(Supplied material)
───

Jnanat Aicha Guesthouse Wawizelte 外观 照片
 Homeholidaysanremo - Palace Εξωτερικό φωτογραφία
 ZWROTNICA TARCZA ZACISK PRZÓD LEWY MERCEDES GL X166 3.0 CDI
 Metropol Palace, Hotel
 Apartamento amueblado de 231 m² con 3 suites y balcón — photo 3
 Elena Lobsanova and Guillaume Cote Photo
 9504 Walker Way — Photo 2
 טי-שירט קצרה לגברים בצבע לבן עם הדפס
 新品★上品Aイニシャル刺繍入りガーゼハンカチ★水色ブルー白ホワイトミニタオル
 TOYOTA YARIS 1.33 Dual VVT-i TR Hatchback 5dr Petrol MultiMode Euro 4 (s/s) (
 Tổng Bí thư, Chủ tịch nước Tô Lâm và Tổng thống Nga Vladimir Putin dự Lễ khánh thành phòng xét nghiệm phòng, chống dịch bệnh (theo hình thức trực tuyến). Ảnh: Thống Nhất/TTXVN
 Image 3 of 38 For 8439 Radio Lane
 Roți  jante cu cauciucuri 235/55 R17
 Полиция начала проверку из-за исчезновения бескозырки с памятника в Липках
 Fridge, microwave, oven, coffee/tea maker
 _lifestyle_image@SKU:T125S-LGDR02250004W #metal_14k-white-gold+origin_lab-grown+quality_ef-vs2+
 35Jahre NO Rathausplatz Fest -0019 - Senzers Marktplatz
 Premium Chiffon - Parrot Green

───

Take from the material above every line that includes the word "Palace".

 Homeholidaysanremo - Palace Εξωτερικό φωτογραφία
 Metropol Palace, Hotel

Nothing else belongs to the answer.